Deep Medicare cuts for beneficiaries living in low-cost areas. House Democrats are determined to force seniors out of the private-insurance program of Medicare, called Medicare Advantage (MA). According to the Congressional Budget Office, their bill is likely to work as planned: Some 5 million MA enrollees would get pushed back into the traditional government-run program, with its lower benefits and higher cost-sharing. This would happen because the House bill bases MA payment rates on the estimated regional cost of covering someone in the traditional program; those living in lower-cost areas would see their payment rates drop, making the traditional program look more attractive.

This approach worsens the unfair regional disparities that exist today. For instance, this year, the MA payment rate in Portland is only $819 per month, while Miami's is $1,238 per month. The House bill would widen this gap by cutting Portland's MA payments by 26 percent, since Portland is a low-cost region with a culture of judicious use of health services. Meanwhile, Miami, which is rife with Medicare fraud and abuse, would get only a 2 percent cut in its MA payment rate. Medicare beneficiaries in Salt Lake City, Sacramento, Albuquerque, and other low-cost cities would get hit almost as hard as Portland's beneficiaries. This runs precisely counter to the notion, popularized by Atul Gawande in The New Yorker and heartily embraced by the Obama administration, that we should try to replicate, or at least reward, areas that provide more efficient health care.

Undermining entitlement reform. Section 1901 of the House bill would repeal a trigger intended to alert Congress and the broader public to the financing problems in the Medicare program. Under current law, the HHS secretary must propose Medicare program adjustments to eliminate projected funding shortfalls when the Medicare trustees forecast excessive program reliance on subsidies from the Treasury. Repealing this provision is one more indication that Democrats are not serious about addressing the explosion of entitlement spending, which will push U.S. fiscal policy off a cliff in relatively short order.

More government-run health care. So much attention has been focused on President Obama's push for a new government-run insurance plan that many people do not realize that the Democrats are also seeking the largest expansion of Medicaid in the program's history. Medicaid spending is already on track, along with Medicare, to push federal finances to the brink. Between 2009 and 2035, the CBO expects combined spending for these two programs to increase from 5.3 to 10 percent of GDP. But that's apparently not enough: The House bill would add 11 million more enrollees to Medicaid, bringing total enrollment to about 71 million and adding more than $80 billion in new spending to the budget in 2019 — on top of the $426 billion that the program will already cost under current law.

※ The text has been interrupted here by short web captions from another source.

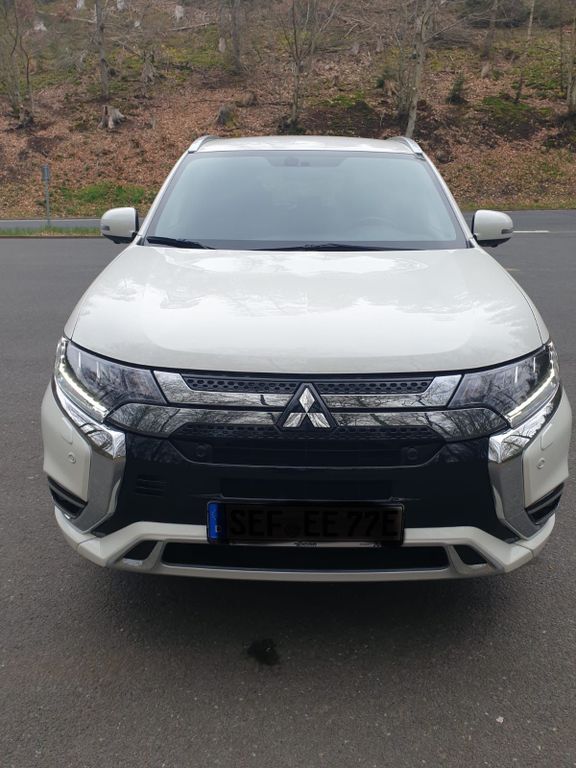 Mitsubishi Outlander 2021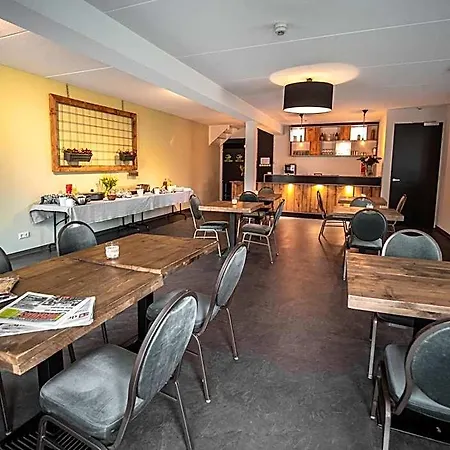 Alojamento de Acomodação e Pequeno-almoço Bij De 3 Linden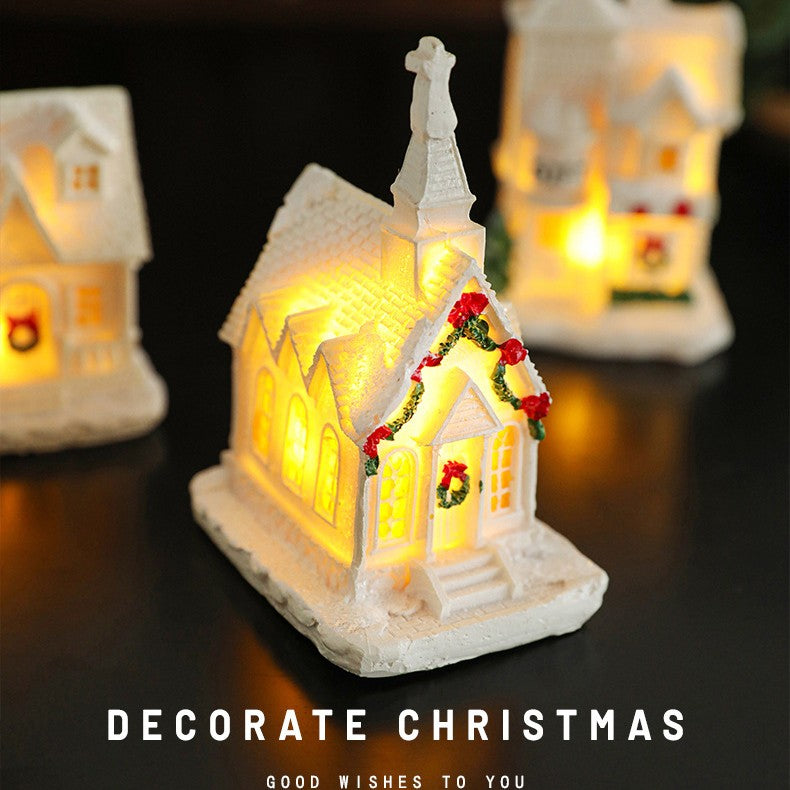 Decoratiune Biserica de Craciun Iluminata, Ornament Festiv cu Lumina Calda, Rasina, 8.8 x 6 x 4.5 cm, Alb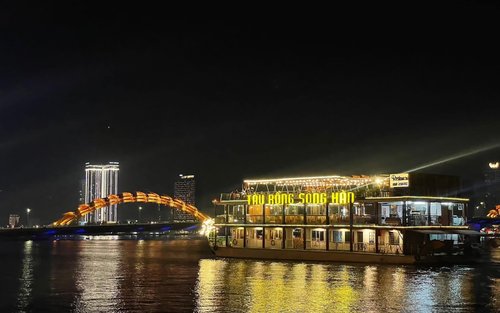 Croisières nocturnes sur le fleuve Han par Tau Rong Song Han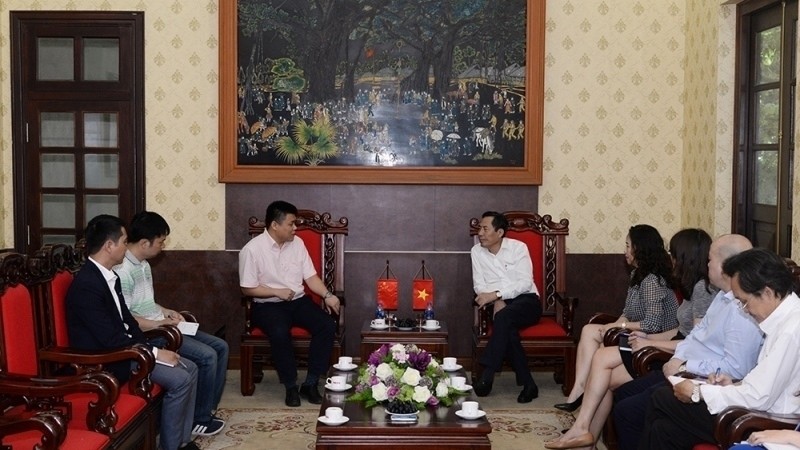 Nhan Dan Editor-in-chief Thuan Huu receives the delegation led by Rui Wei, head of the CRI’s representative office in Vietnam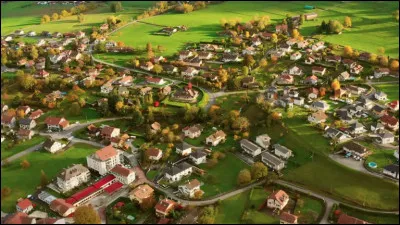 "31 octobre" est un poème d'Eugène Pottier, mis en musique sous le titre "le 31 octobre 1870". Que demande Pottier à Paris ?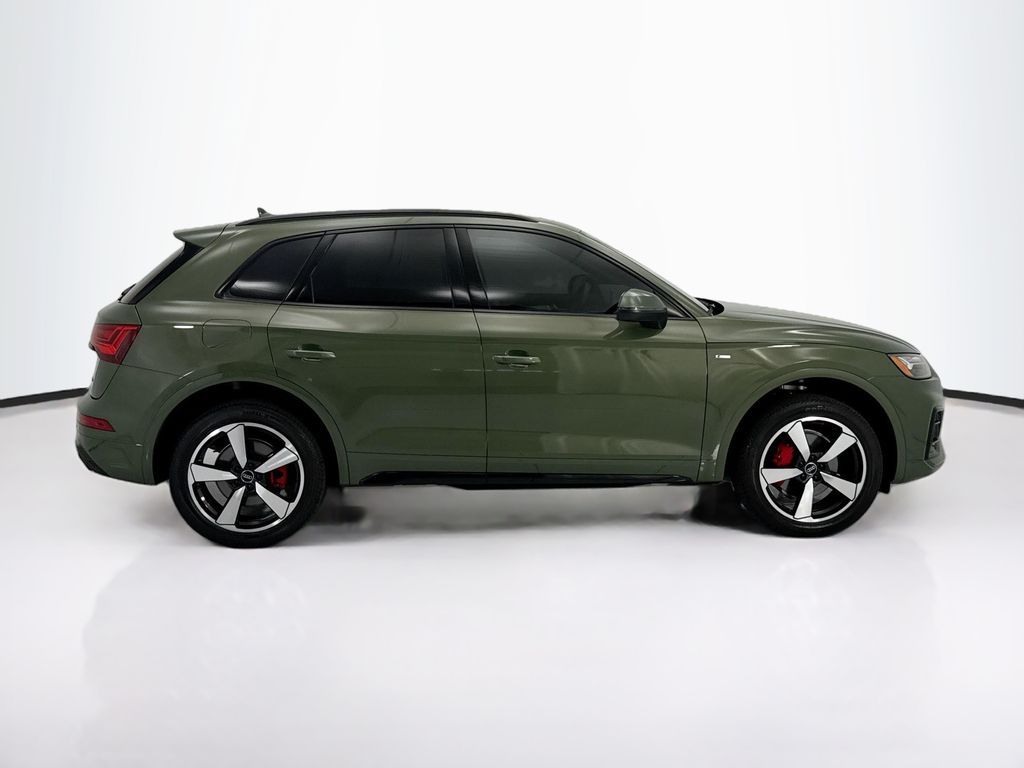 Thumbnail: 2024 Audi Q5 - 4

These bills are a massive overreach by the Democrats, who see this year as a once-in-a-generation opportunity to have something like a New Deal or Great Society moment. Most Democrats believe strongly in total governmental control of health care, and they are determined to try to achieve it now, regardless of the fiscal and political consequences. So they press on, even as every day brings new revelations of the incoherence, hubris, and excesses of their plan.

It might work; the legislation might pass. Then again, it might not, as a restless public is becoming increasingly alarmed at what is emerging from Washington. A government takeover of health care seems not to be what the public wants — meaning that the Democrats may find themselves advocating bad policy that is unpopular to boot.

Mr. Capretta, a fellow at the Ethics and Public Policy Center and a health-policy consultant, was an associate director at the White House Office of Management and Budget from 2001 to 2004. Mr. Troy, a visiting senior fellow at the Hudson Institute and a health-policy consultant, was deputy secretary of health and human services from 2007 to 2009.